New survey sheds light on advisors’ ETF allocation plans

Usage in clients’ portfolios set to increase as interest grows in certain themes and asset classes

New survey sheds light on advisors’ ETF allocation plans

The massive growth of the Canadian ETF industry is not likely to abate soon as advisors are set to increase their portfolio allocations to ETFs over the next two years, according to a new poll from Evolve ETFs.

In a survey of 106 independent advisors conducted from October 23 to November 14, the firm found that 19% of their book on average is currently invested in ETFs. But in two years, respondents expect to raise that to an average of 28%.

How will advisors decide what ETFs to add to their clients’ portfolios? Around six tenths (60.2%) of respondents cited transparency as a priority, and nearly as many cited fees (59.18%) and liquidity/spreads (59.18%). Focus on a specific investment theme was also a priority among 50% of the participants; the survey found that an average of 15% of the advisors’ portfolios was invested in thematic ETFs.
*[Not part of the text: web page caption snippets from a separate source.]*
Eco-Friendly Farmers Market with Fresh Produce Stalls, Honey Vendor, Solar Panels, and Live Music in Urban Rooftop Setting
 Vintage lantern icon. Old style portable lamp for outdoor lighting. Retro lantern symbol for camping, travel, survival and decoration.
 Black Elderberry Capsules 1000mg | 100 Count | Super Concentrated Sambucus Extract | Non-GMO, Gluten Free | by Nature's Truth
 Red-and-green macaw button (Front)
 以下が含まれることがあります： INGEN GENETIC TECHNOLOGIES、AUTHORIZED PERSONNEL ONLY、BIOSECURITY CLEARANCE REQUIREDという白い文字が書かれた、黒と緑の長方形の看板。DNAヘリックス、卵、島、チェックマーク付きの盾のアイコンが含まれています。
When asked to indicate their interest in a list of investment trends, technology emerged as a strong theme. The majority of advisors said they are very interested in cyber security (62%) and AI; slightly less than half (44.34%) were very interested in robotics/automation.

And while multiple surveys have indicated increased investor attention on socially responsible investing (SRI), 47% of the advisors surveyed said they do not consider it a factor in their investment decision-making. This finding, according to Evolve ETFs President and CEO Raj Lala, reflects advisors’ skepticism with respect to the investment advantages of SRI.  
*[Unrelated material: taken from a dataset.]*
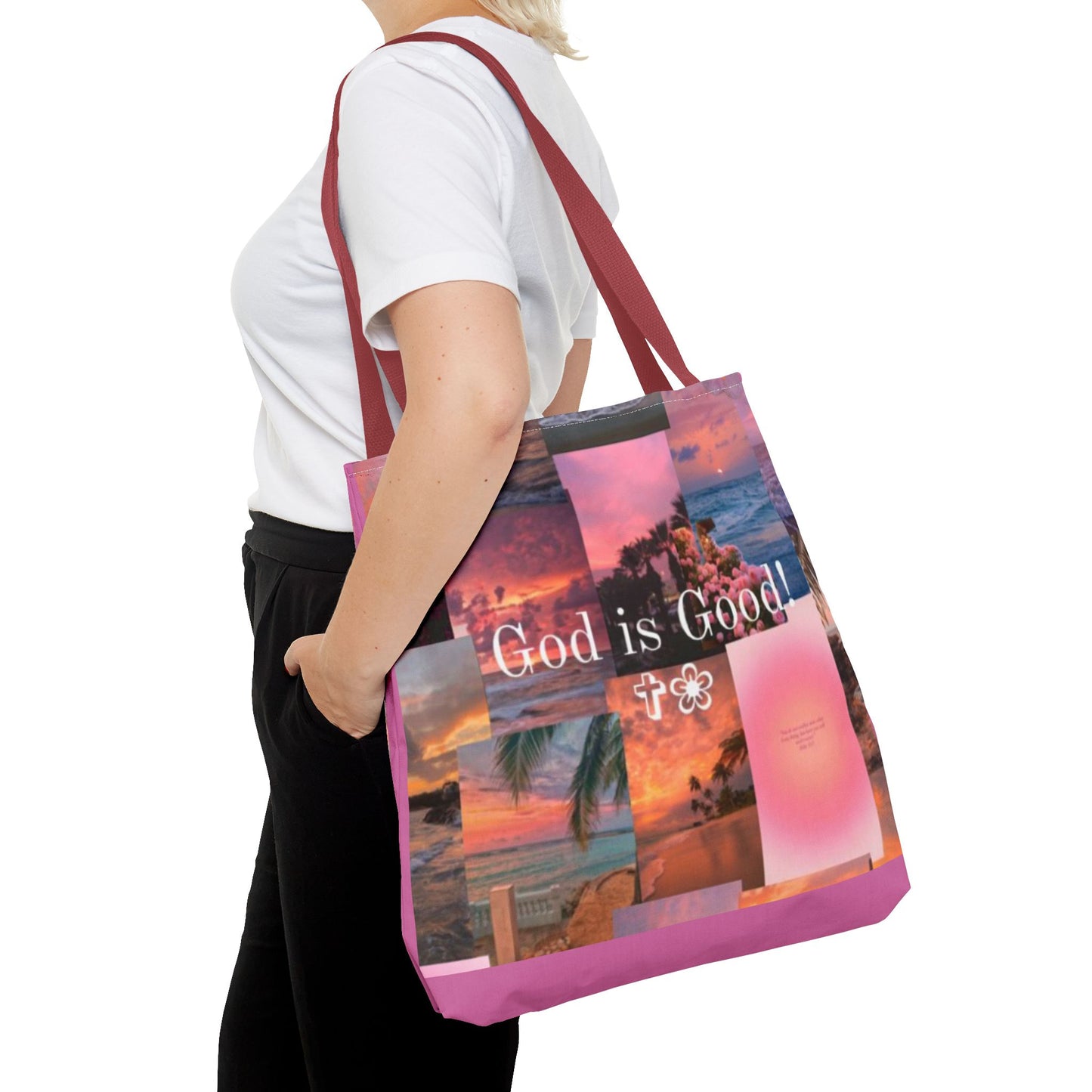 God is good tote peaceful praise and sunset faith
Another possible factor in advisors’ future ETF allocation decisions is their views on the markets over the next 12 months. There was moderate agreement that Canadian equities and global equities will go higher (shared by 48.51% and 54.46% of advisors polled, respectively), as well as a lower outlook for Canadian bond yields (48.51%) and global bond yields (42.57%).
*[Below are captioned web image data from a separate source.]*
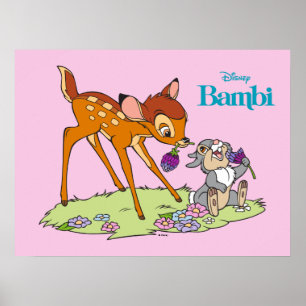 Poster Bambi & Thumper Manger Des Fleurs De Cloches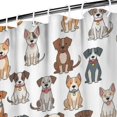 thumbnail image 3 of Mixed Breed Dogs White Pattern Modern Waterproof Shower Curtain Set with 12 Hooks, Washable Decorative Bathroom Shower Curtain, 3 of 6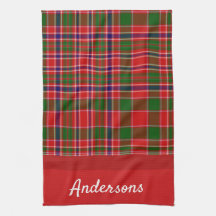 Toalla monogramada verde y roja de los navidades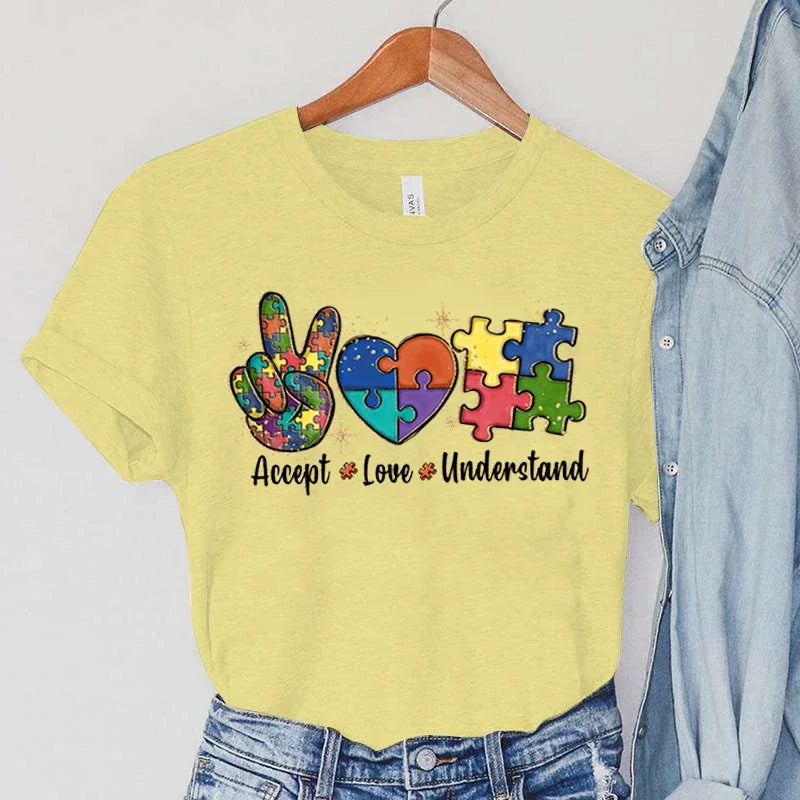 Accept Love and Understand Print T-shirts Autism Awareness T Shirts Color Puzzle Block Women's Tees Harajuku Korean Tops 2023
Reflecting the negative view on Canadian bonds, a quarter of advisors said that they will be decreasing their allocations to Canadian bonds (25.74%) and Canadian corporate bonds (25.74%) over the next year. Allocations to high-yield fixed income are set to decrease even further, with 38.61% saying they’ll trim their exposures to the asset segment.

Equity allocations, meanwhile, are poised to rise in the next 12 months. Nearly a quarter of respondents said they will increase their exposure to Canadian equities (23.76%), and almost a third said they’ll raise their allocations to global equities (31.68%). Alternative fixed income is also getting some interest, with 24.75% of respondents expressing plans to increase their exposure.

The survey also asked advisors to indicate the type of ETFs they use. While the success of ETFs is mostly attributed to passive strategies, the survey found more advisors saying they use active ETFs (80.61%) than those who reported using passives (66.33%). Around four-tenths (39.8%) said they use smart-beta ETFs.